From the listing below, output the lines between the one with "Top view image" and the one with "AVERY Zweckform L7160-40", including those two, and nothing else. Pictures are not copied.

- _SOURCE DATA_
************
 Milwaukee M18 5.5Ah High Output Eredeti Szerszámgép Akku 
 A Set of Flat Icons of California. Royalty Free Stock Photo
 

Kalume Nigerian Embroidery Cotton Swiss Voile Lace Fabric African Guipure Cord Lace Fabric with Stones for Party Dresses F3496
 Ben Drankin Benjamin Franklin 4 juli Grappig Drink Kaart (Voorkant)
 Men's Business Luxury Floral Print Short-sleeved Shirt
************
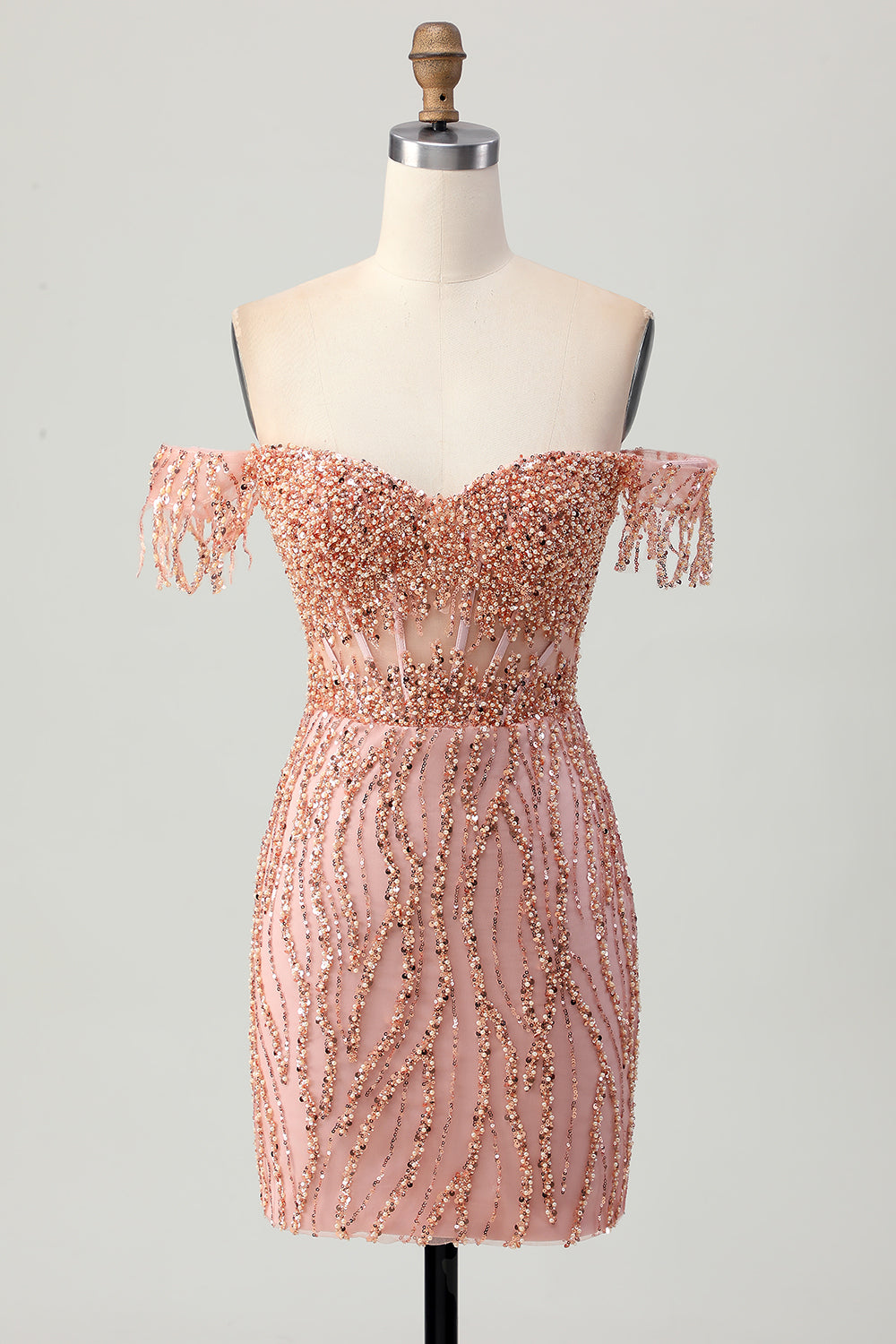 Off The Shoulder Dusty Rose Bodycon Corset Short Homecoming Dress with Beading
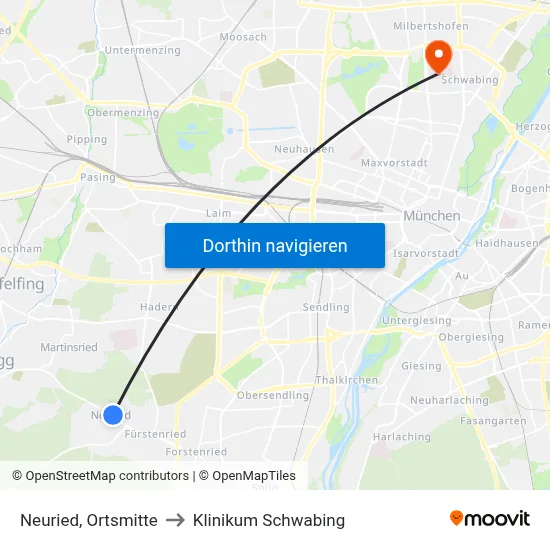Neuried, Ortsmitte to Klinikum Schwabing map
************
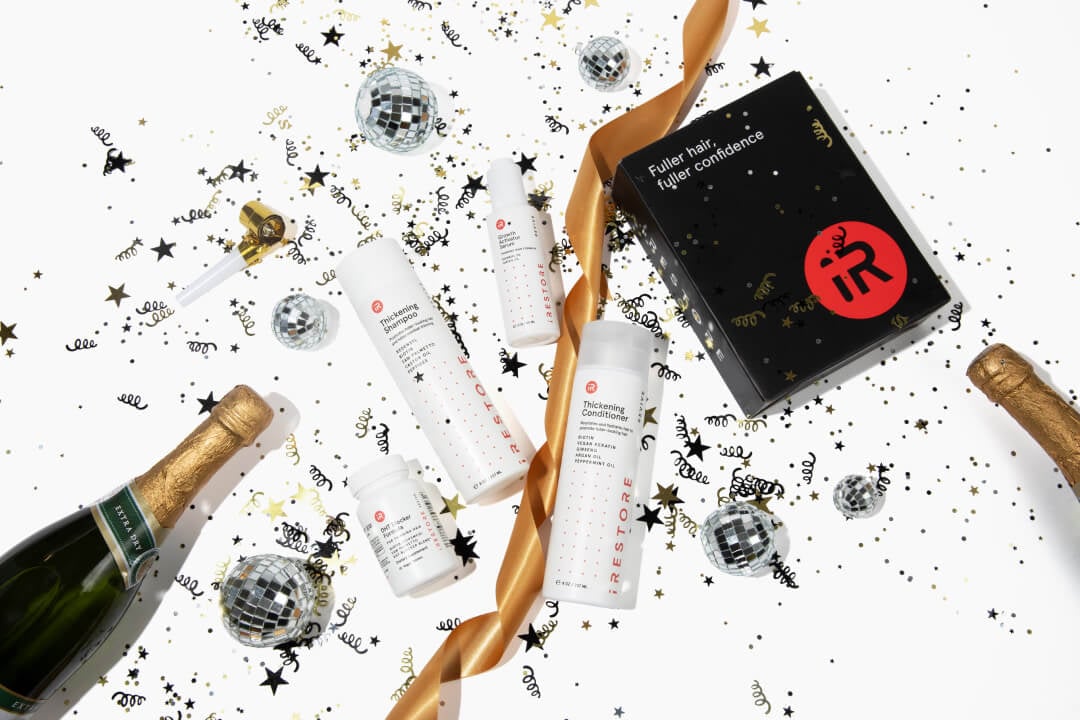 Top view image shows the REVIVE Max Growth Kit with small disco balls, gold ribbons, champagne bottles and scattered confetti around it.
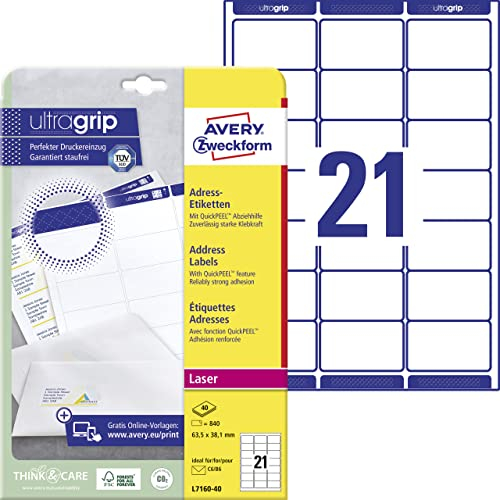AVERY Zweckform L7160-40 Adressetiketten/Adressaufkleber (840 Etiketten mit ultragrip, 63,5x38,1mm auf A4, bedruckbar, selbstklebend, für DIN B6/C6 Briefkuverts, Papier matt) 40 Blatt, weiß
************
- _RESPONSE TO THE TASK_
 Top view image shows the REVIVE Max Growth Kit with small disco balls, gold ribbons, champagne bottles and scattered confetti around it.
AVERY Zweckform L7160-40 Adressetiketten/Adressaufkleber (840 Etiketten mit ultragrip, 63,5x38,1mm auf A4, bedruckbar, selbstklebend, für DIN B6/C6 Briefkuverts, Papier matt) 40 Blatt, weiß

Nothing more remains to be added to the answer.